Tuesday, November 18, 2008

The Birds, The Birds

There is a problem at my place of employment. The problem is so huge, in fact, that a special taskforce with the Office of the Physical Plant that has been charged with correcting this problem.
Crows. That's right - crows are apparently taking over. (Hitchcock would be proud and highly amused, I'm sure). I get an email yesterday informing all employees of the procedures involved in "relocating" the birds.
It's not funny that we have a bird problem. It's not funny that they are relocating the birds. What is funny is imagining the taskforce doing what they must do to get the birds to relocate. This amazing group will hence be fondly referred to (by me) as CRAs - Crow Relocation Assistants.

The charge to the CRA is to relocate the crows. The methods of relocation include (as quoted from the official email from my employer):
1. The use of pyrotechnic noisemakers called "bangers" and "screamers" by carefully trained employees.
2. The hanging of dead crow effigies to dissuade the crows from returning.
3. The declaration of "non-roosting" zones in designated areas to promote more sanitary conditions.

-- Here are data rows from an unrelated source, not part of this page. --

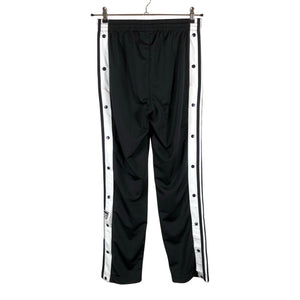 Unisex Adidas - Soojenduspüksid, suurus 36 - Must (2)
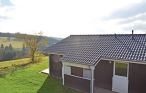 Feriehus - St.Andreasberg/Oberharz , Tyskland - DAN940 10
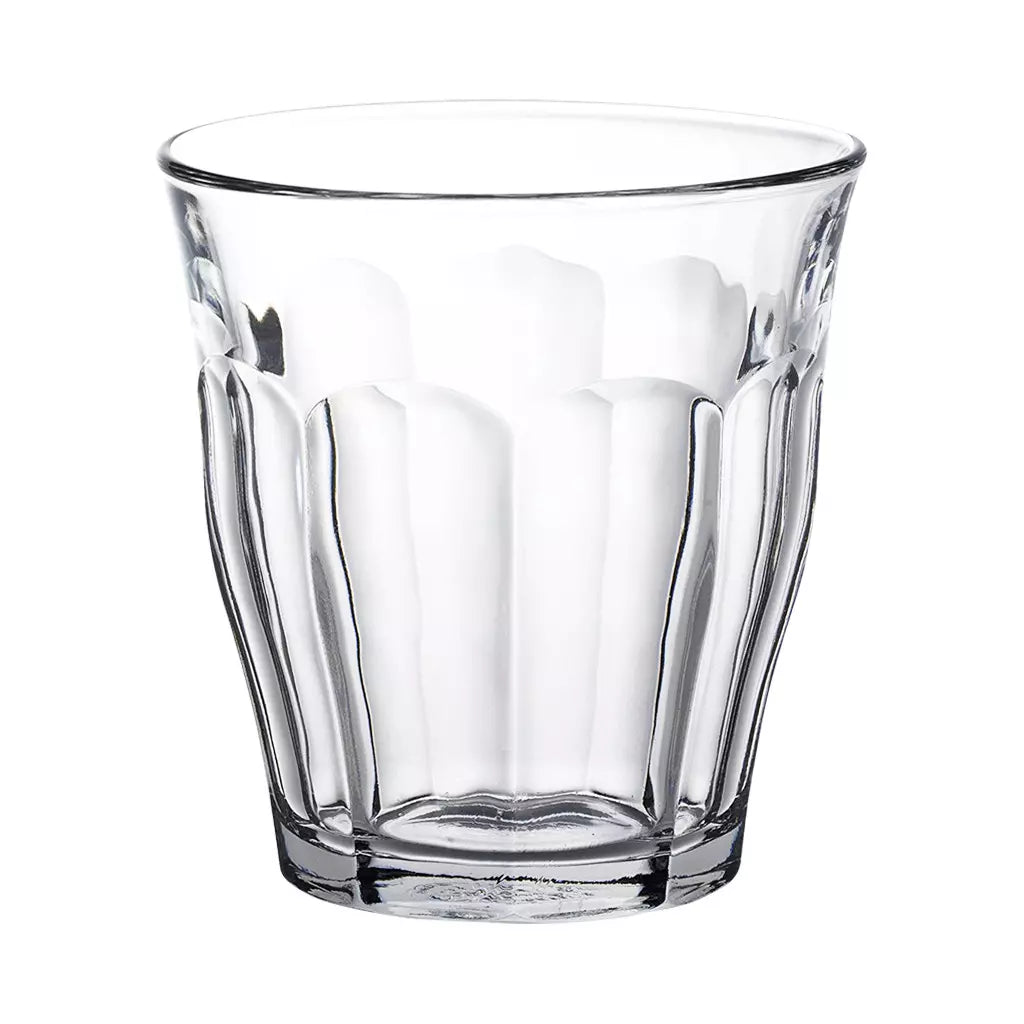 Picardie - 130ml Espresso Tumbler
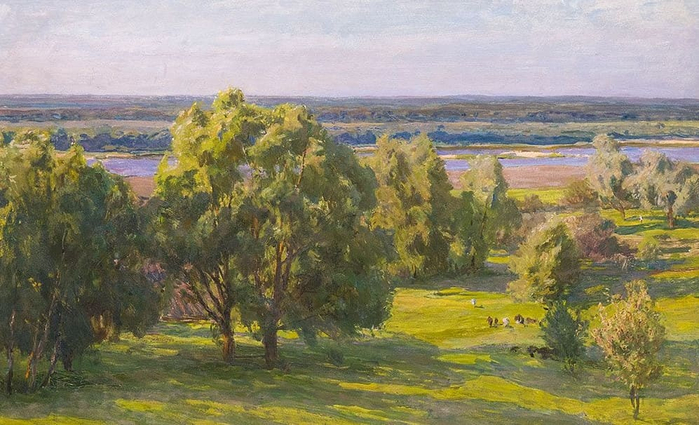 xudozhnik_Aleksej_Gricaj_26 (700x425, 354Kb)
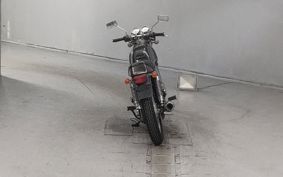 HONDA GB250 CLUBMAN 1 MC10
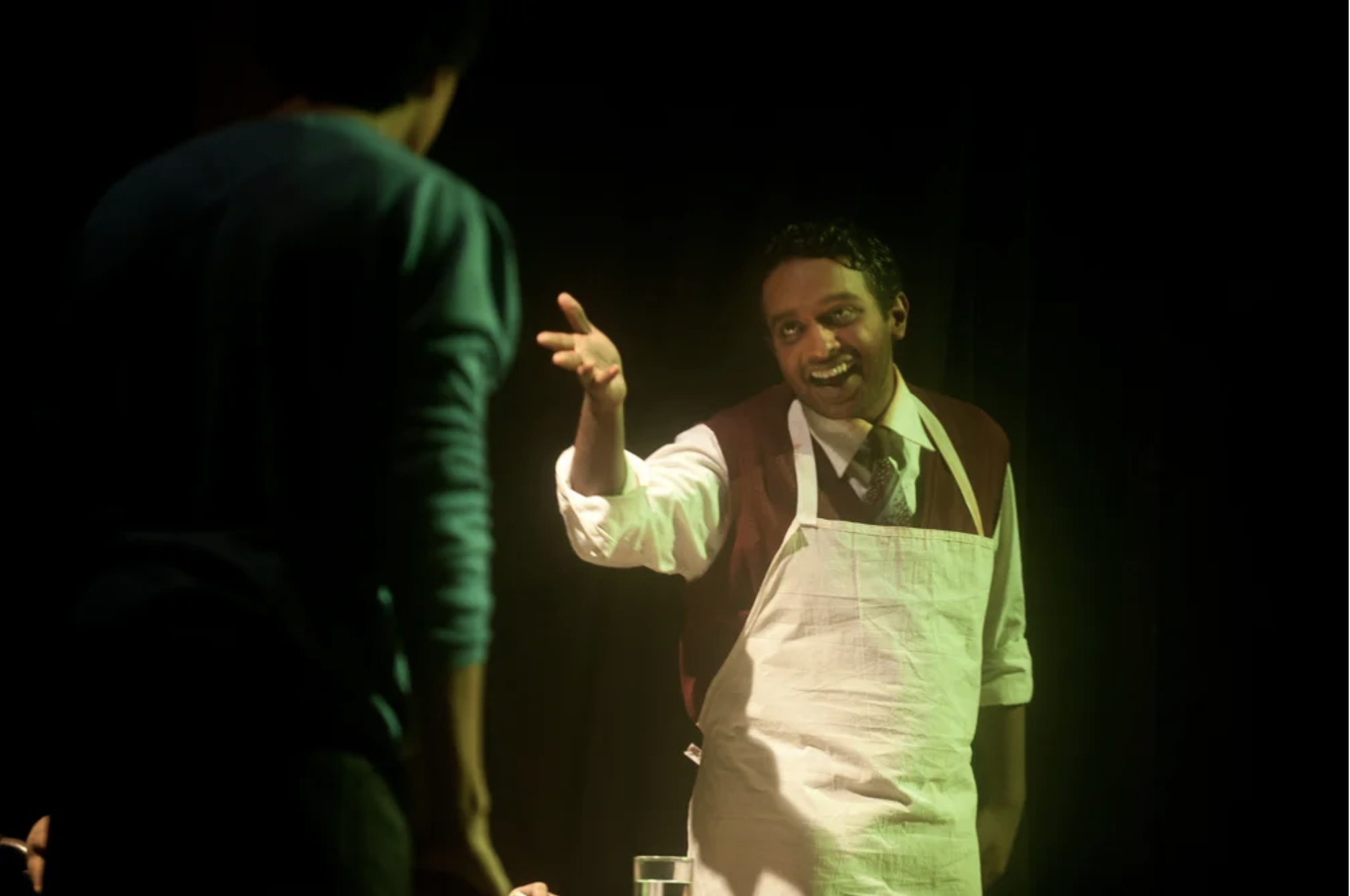 Screenshot 2025-12-24 at 18.00.24.png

At first, this email frightened me as I imagined large fireworks freaking out large flocks of crows that will decide to re-roost, no doubt, on my car. To escape them, I must run across campus (to find a phone booth to hide in, of course) past all of the hanging crow carcasses. Once I receive an email, (hmmm....how will I get the email in my phone booth hideout?) I can find comfort in leisurely walking through a new crow free zone including a slew of "No Roosting" signs - those signs oughta scare 'em off.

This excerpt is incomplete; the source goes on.